7 questions to ask yourself before investing in equipment or real estate.
Encouraging signs in the economy might have you thinking about investing in your business. Is now the time to purchase that large piece of equipment? Have you been considering a real estate expansion?
Planning to finance a major capital investment may seem like a burden to business owners, but with a little research and a quick self-assessment, the process can be simple. Ask yourself these questions as you prepare to meet with your banker:
How Much Can You Afford?
A calculation all lenders use is your Debt Service Coverage Ratio (DSCR). Take your cash that’s available (your net income after taxes, plus interest and depreciation expense) and divide it by your annual debt service—how much you pay in total loan payments in a year. Lenders tend to like that ratio to be 1.15 or higher, depending on collateral and the amortization period.

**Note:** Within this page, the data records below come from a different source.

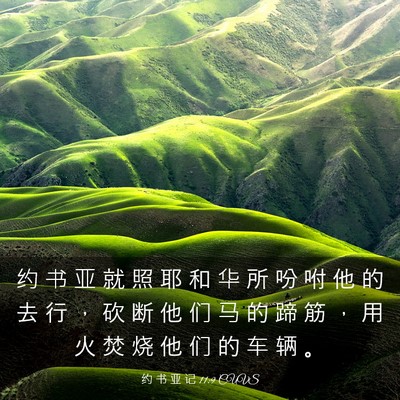 Picture 03 - 约 书 亚 记 11:9 CUVS - 约 书 亚 就 照 耶 和 华 所 吩 咐 他 - Bible Verse Picture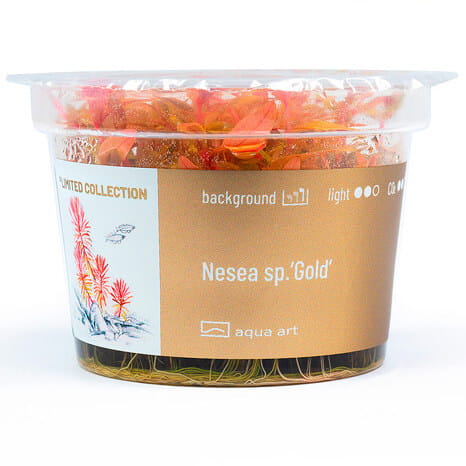 Nesea sp. Gold - Roślina do akwarium - kubek 6cm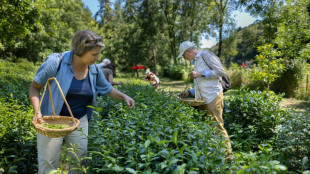 La filière "thé" trace son sillon en Bretagne et en France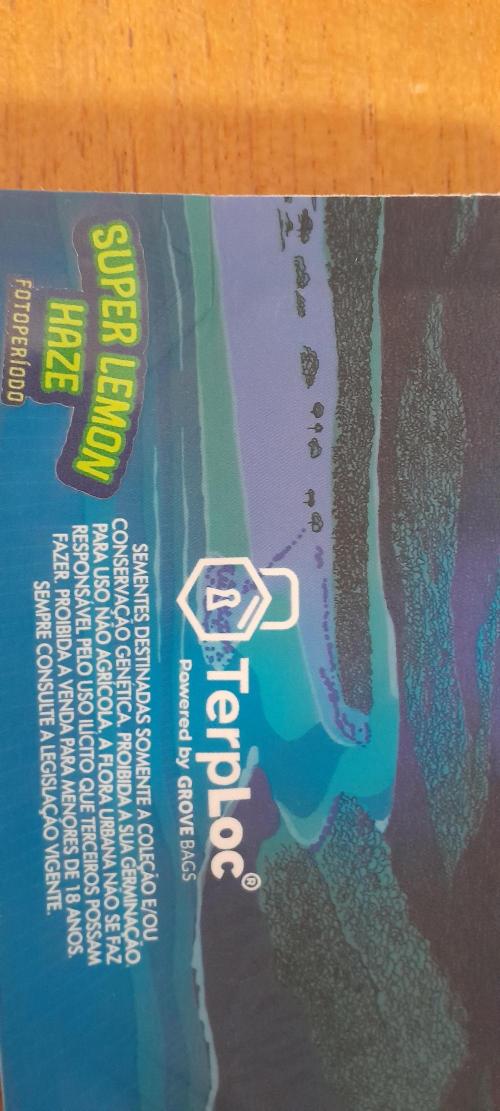 Super Lemon Haze- 6 pés.. Week 0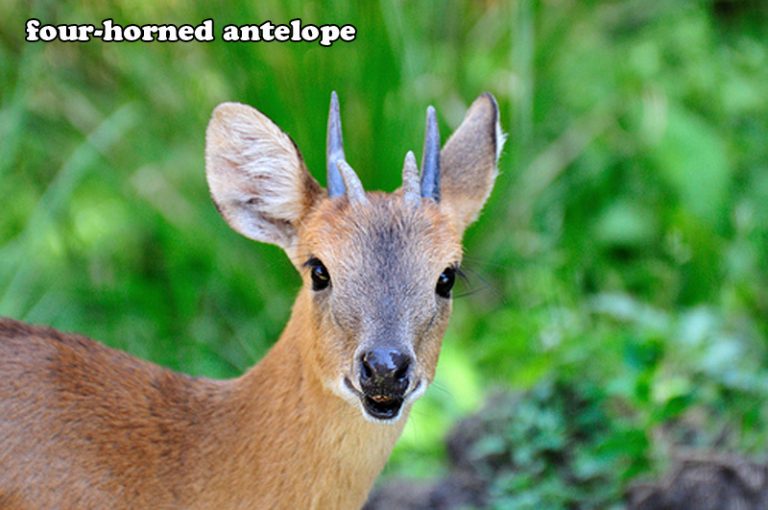 Banke National Park
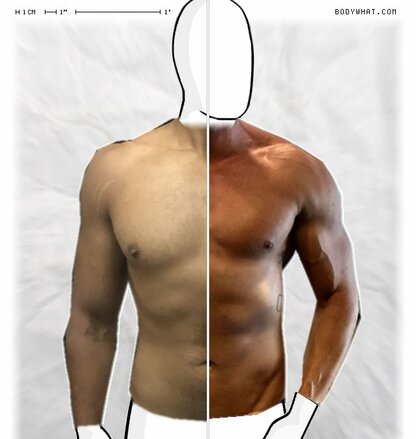 Torso Comparison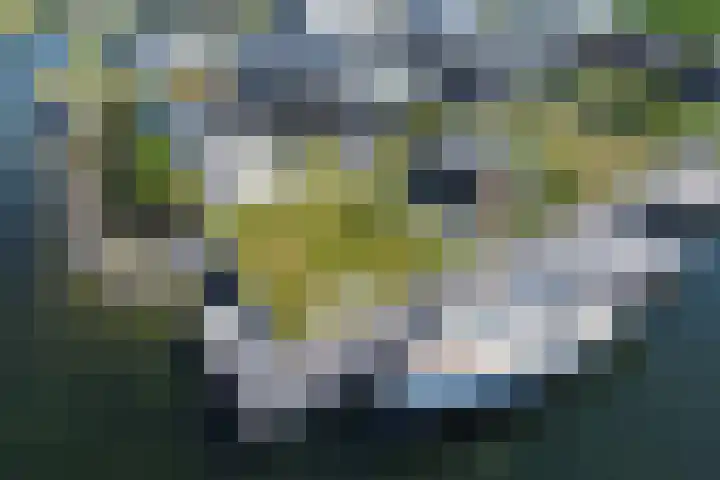 Ekingen 8 Kamperland thumbnail 43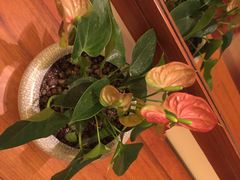 三亚亚龙湾华宇度假酒店(原三亚华宇皇冠假日酒)-三亚亚龙湾雅高美爵酒店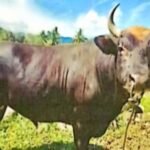 Sumbangan sapi kurban Presiden Prabowo ke Kabupaten Enrekang menjelang Idul Adha 2025.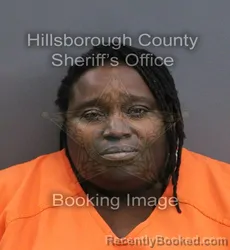 Mugshot of AFRICA OMEGA WILSON booked in Hillsborough County, Florida on August 2, 2026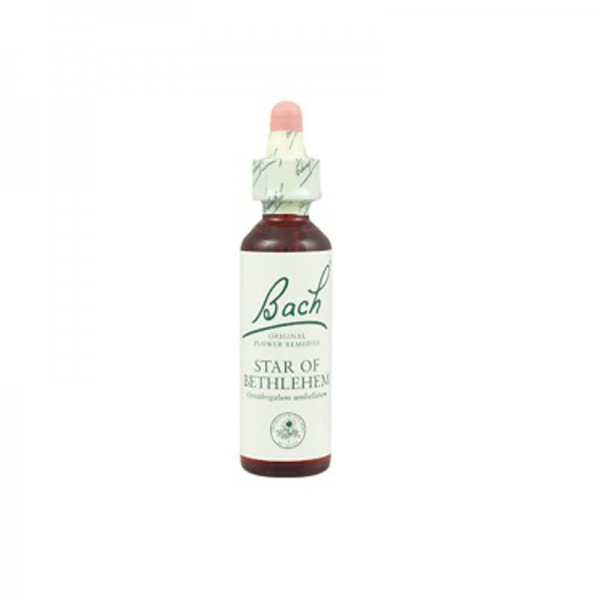 Bach Flower 35 Elm Gutt 10ml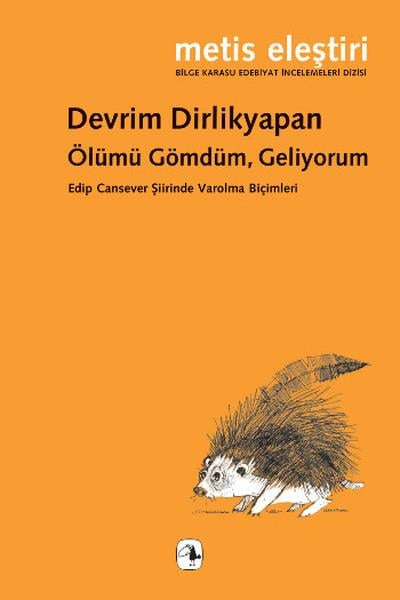 Devrim DirlikyapanEleştiri & Kuram & İnceleme Kitapları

To increase your DSCR, you may want to ask for a longer amortization on the loan to help ease cash flow. You can always make additional principal payments if cash flow permits. Just be sure to inquire about prepayment penalties.
Can You Make a Larger Down Payment?
If you are able, consider making a larger down payment or put more “cash into the project.” It will result in lower monthly payments, and you’ll pay less interest overall. You also may be in a position to ask for a lower rate or longer amortization from your lender if you put more money down.
How Soon Will You See Your Return on Investment?
How long will it take to recoup your investment? Depending on the type of investment, that period varies.
For equipment, a normal payback period might be three to five years, allowing additional years of usefulness, though technology equipment may be less.
You also need to take labor costs and productivity into account. If expanding on the real estate front, how much additional labor will you need versus how much extra revenue can you produce in a larger space?
What’s on the Horizon for Your Industry?
We’ve seen industries like oil and gas slow down over the past year, yet others are booming. Obviously, your capital investment will meet the immediate needs of your company, but will you need an even bigger space in three years? Are there external factors in your industry that will impact your investment? Being well-versed in your industry and focusing on the trends and benchmarks over the next three to five years is vital.
What Is Your Competition Doing?
Are you ahead of the curve with your expansion? What sets you apart from them?
How Are Your Sales?
Trending up, right? Are you managing expenses so that net profits reflect that growth? Is the growth sustainable or due to a lucrative short-term contract? How will this new piece of equipment or larger production space affect income and expenses?
Will the Effects of the Investment Be Immediate?
Cash flow may be impacted as you wait for your investment to increase production. An interest-only period could help ease initial cash flow issues.
Other Options to Consider
Leasing // By leasing, you can obtain newer technology equipment faster, there are tax benefits, and you don’t have to pay for repairs or maintenance. However, you don’t own the equipment. You don’t show the asset on your balance sheet, you don’t have the option to sell the equipment, and sometimes you end up paying more than you would have with a purchase.
SBA Financing // SBA loans—for real estate or equipment—allow you to put less money down and perhaps amortize longer than a conventional loan. Businesses work with a bank, and the SBA provides a guarantee to the bank. Locate an SBA-preferred lender at www.sba.gov.
Equity Financing // This equity could come from friends and family, but also venture capital companies. This type of financing provides capital in exchange for a share of ownership in your company.
Your lender should and will ask a lot of questions. Being prepared to answer those questions will make your capital investment a reality faster.